So Friday was a big day. It was the culmination of weeks, nay, months, of logistical planning, all on my, luckily, broad shoulders. It was The All School Zoo Field Trip. 600 kids, 55 adults, 14 buses, permission slips, lunch order forms, letters home to parents at regular intervals. Each class had to have a starting point and an ending point in the zoo, bus assignments, purchase orders had to be approved, money budgeted, checks picked up. Poor me. Throughout the process, I tried my hardest to be the lone person left at school to hold down the fort, but my boss kept insisting I needed to go, and that I would enjoy it. Sadness.
The Big Day came. Checks were in hand, buses were on time, kids were all dressed in red school shirts, lunch bags clutched in their sweaty, sticky hands. Shoe laces flopped everywhere. I made one last bid to stay at the school, and was shot down. I grimly settled my visor on my head and my clip-on sunglasses on my nose, clenched my teeth, and went to the zoo.

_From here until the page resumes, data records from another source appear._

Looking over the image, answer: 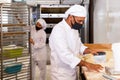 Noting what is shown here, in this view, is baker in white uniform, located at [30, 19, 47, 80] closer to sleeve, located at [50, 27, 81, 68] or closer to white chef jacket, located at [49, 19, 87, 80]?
white chef jacket, located at [49, 19, 87, 80]

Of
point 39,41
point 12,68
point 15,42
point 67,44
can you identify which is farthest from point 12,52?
point 39,41

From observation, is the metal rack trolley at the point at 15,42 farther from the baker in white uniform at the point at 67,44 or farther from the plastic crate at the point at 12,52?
the baker in white uniform at the point at 67,44

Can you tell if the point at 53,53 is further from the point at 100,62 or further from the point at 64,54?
the point at 100,62

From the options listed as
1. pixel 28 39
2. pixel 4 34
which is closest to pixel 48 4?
pixel 28 39

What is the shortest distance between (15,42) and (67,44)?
141 cm

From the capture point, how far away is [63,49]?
2.17 meters

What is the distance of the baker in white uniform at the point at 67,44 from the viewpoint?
7.13ft

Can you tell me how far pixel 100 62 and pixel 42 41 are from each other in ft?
7.41

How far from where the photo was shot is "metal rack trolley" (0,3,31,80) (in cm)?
312

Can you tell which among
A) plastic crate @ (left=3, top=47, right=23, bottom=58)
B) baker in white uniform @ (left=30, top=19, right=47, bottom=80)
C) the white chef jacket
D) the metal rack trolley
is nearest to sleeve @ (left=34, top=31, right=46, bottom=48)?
baker in white uniform @ (left=30, top=19, right=47, bottom=80)

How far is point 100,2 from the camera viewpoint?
4.82m

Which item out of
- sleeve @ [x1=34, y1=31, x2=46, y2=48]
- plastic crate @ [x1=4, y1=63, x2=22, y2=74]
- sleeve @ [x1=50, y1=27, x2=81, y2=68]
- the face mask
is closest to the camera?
sleeve @ [x1=50, y1=27, x2=81, y2=68]

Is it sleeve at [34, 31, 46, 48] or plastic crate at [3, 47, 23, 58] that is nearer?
plastic crate at [3, 47, 23, 58]

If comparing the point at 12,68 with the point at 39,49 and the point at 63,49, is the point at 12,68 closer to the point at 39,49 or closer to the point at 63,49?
the point at 63,49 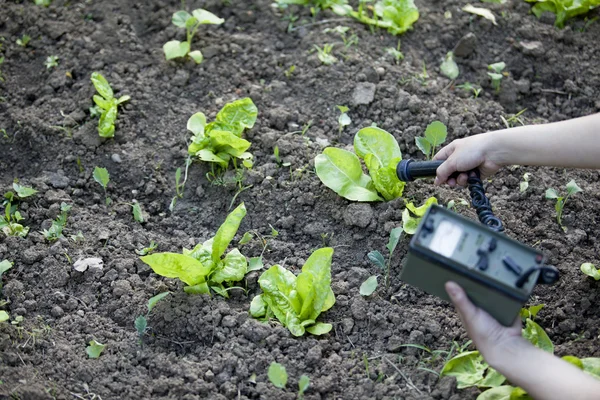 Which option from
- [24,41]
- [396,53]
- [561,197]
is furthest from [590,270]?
[24,41]

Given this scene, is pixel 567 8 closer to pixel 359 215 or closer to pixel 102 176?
pixel 359 215

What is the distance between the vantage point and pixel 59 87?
120 inches

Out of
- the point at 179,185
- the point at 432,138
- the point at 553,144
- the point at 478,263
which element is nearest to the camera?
the point at 478,263

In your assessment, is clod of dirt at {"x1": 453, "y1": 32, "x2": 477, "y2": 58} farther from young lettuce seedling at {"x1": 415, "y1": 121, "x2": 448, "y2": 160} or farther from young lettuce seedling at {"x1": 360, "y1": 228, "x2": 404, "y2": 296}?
young lettuce seedling at {"x1": 360, "y1": 228, "x2": 404, "y2": 296}

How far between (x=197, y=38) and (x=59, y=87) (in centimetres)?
65

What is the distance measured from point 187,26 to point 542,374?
2106 millimetres

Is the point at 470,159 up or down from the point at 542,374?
up

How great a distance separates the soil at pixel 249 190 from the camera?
85.0 inches

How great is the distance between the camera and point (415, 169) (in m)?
2.37

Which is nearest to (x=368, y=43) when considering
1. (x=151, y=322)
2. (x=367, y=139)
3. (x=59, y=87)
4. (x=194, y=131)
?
(x=367, y=139)

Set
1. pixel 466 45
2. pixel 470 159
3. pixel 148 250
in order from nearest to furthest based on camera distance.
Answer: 1. pixel 470 159
2. pixel 148 250
3. pixel 466 45

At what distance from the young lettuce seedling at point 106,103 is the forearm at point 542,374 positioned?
175 cm

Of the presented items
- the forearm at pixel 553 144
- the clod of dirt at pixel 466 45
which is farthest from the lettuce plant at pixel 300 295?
the clod of dirt at pixel 466 45

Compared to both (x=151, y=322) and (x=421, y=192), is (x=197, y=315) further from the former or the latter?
(x=421, y=192)
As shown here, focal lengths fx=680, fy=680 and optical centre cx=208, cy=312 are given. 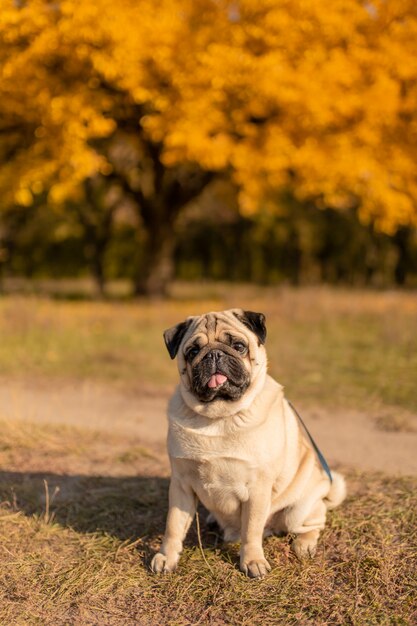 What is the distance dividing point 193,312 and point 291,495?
10431 mm

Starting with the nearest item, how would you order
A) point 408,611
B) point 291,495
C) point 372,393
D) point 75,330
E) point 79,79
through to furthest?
point 408,611, point 291,495, point 372,393, point 75,330, point 79,79

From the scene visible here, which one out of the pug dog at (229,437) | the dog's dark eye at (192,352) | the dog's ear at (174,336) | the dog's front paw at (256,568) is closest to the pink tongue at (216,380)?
the pug dog at (229,437)

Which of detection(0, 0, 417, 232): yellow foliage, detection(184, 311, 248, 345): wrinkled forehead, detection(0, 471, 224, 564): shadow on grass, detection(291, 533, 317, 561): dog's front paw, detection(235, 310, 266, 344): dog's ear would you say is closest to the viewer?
detection(184, 311, 248, 345): wrinkled forehead

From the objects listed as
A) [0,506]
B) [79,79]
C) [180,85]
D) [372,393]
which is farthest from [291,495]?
[79,79]

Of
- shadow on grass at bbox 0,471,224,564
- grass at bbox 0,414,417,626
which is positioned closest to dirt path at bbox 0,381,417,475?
grass at bbox 0,414,417,626

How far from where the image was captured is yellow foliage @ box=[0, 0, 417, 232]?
12.2 m

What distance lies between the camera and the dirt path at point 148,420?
18.1ft

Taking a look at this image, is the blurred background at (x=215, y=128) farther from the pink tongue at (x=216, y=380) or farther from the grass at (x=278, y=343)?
the pink tongue at (x=216, y=380)

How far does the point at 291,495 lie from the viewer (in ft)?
11.7

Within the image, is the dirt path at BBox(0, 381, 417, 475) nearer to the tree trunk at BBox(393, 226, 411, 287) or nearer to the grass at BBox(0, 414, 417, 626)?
the grass at BBox(0, 414, 417, 626)

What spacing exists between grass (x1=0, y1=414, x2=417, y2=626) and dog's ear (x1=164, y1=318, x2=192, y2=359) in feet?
3.63

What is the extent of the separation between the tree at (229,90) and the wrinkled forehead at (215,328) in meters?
9.46

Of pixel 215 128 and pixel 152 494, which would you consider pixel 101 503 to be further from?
pixel 215 128

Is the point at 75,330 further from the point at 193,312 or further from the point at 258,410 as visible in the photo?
the point at 258,410
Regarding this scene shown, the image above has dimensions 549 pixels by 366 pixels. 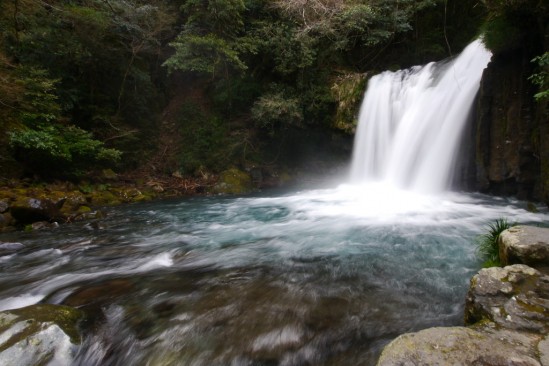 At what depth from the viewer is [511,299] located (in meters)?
2.25

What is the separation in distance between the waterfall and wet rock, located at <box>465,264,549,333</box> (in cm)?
674

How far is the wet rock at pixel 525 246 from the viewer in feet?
8.77

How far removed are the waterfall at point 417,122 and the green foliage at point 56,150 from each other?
9.18 meters

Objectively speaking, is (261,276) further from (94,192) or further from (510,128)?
(94,192)

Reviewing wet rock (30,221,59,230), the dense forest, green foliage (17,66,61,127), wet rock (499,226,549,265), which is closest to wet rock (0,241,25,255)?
wet rock (30,221,59,230)

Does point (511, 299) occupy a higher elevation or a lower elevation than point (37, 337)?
higher

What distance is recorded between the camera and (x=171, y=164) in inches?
511

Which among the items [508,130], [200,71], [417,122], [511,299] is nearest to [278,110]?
[200,71]

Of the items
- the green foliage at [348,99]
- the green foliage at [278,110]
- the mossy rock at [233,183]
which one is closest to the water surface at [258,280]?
the mossy rock at [233,183]

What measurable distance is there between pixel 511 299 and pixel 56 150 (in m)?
10.6

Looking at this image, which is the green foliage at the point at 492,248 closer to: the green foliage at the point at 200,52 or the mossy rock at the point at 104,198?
the green foliage at the point at 200,52

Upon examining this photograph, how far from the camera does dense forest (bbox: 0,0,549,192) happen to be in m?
8.86

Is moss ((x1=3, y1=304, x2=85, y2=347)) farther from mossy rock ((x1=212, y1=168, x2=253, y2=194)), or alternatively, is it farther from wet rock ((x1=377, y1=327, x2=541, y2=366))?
mossy rock ((x1=212, y1=168, x2=253, y2=194))

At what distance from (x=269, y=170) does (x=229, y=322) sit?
34.8ft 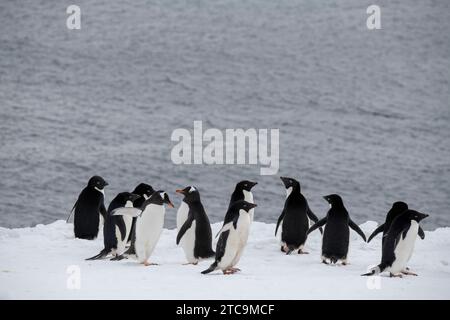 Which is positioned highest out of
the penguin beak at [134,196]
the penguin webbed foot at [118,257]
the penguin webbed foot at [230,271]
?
the penguin beak at [134,196]

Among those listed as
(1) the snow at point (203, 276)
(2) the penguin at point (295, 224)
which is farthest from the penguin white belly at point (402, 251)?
(2) the penguin at point (295, 224)

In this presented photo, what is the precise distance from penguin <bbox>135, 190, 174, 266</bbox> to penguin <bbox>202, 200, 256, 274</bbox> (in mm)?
816

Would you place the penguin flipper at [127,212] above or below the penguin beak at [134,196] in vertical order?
below

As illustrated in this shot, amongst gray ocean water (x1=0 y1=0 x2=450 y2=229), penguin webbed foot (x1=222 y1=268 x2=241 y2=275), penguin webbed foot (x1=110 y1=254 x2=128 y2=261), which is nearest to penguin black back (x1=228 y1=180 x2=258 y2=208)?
penguin webbed foot (x1=110 y1=254 x2=128 y2=261)

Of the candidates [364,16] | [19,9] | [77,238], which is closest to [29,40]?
[19,9]

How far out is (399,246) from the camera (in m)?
8.28

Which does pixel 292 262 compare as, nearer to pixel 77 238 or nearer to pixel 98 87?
pixel 77 238

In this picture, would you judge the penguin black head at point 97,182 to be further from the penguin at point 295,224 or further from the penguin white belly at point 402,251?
the penguin white belly at point 402,251

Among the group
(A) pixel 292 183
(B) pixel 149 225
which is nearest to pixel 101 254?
(B) pixel 149 225

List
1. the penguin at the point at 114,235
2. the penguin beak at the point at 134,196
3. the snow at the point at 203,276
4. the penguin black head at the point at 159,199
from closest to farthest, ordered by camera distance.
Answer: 1. the snow at the point at 203,276
2. the penguin black head at the point at 159,199
3. the penguin at the point at 114,235
4. the penguin beak at the point at 134,196

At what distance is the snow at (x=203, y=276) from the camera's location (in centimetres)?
714

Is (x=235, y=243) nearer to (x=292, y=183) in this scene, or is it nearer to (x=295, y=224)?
(x=295, y=224)

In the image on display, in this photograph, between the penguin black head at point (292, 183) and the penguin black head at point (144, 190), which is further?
the penguin black head at point (292, 183)

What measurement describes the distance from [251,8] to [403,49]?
19063mm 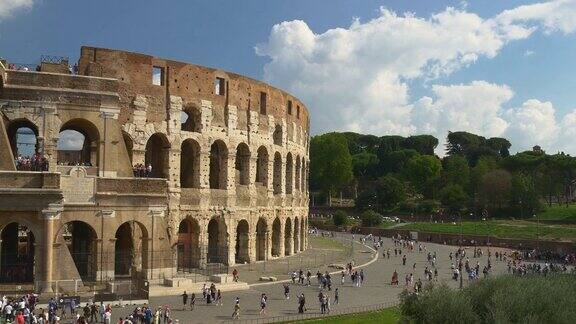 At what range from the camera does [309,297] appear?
80.2 feet

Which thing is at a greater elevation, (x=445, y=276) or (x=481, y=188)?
(x=481, y=188)

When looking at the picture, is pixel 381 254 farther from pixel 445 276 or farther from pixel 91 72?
pixel 91 72

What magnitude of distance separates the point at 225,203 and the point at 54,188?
40.8 feet

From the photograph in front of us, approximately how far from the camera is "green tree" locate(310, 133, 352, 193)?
75875mm

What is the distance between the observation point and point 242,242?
34.8 m

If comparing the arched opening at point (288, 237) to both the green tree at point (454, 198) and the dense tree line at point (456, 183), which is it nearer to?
the dense tree line at point (456, 183)

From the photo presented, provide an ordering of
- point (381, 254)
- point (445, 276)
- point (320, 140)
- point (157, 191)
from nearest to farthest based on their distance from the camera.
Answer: point (157, 191) < point (445, 276) < point (381, 254) < point (320, 140)

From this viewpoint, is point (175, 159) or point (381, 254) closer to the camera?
point (175, 159)

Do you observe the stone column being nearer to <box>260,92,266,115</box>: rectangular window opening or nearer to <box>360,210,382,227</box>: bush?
<box>260,92,266,115</box>: rectangular window opening

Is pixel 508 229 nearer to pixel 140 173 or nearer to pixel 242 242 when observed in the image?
pixel 242 242

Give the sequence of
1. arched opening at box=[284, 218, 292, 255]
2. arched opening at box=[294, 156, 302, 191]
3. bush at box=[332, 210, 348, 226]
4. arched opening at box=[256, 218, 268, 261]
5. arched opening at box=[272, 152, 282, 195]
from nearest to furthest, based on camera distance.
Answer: arched opening at box=[256, 218, 268, 261] → arched opening at box=[272, 152, 282, 195] → arched opening at box=[284, 218, 292, 255] → arched opening at box=[294, 156, 302, 191] → bush at box=[332, 210, 348, 226]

And absolutely loved every minute of it.
4th grade had a dearth of parent volunteers going, so I attached myself to their group, and adopted 3 boys as my own. These tres amigos are the future Bill Gates of the world – quirky, odd, offbeat, smart as all get-out, and, the sweetest thing, were the best of friends. They assured me repeatedly how great each other was – complimenting each other’s artistic ability, math ability, general smarts in each other. They held each other’s lunches while petting the snake. They occasionally had their arms around each other’s shoulders in a show of solidarity. They knew they were quirky – no shame there. And they liked me back – even though they were obviously BMOC, being 4th graders, they all three would glance back now and again as we wended our way through the zoo, to touch base and make sure I was still following them, still keeping them safe. Or, maybe, they were making sure I was safe, and not lost. It was awesome.
We started out in the reptile house, and almost didn’t see the rest of the zoo. Each snake and iguana and frilled lizard and komodo dragon had to be spotted amongst the leaves in the tanks, pointed out to the others, commented on, and read about before moving on the the next. Since I love a good reptile myself, I had no problem with this, but I really wanted to see more of the zoo, so urged them on and out.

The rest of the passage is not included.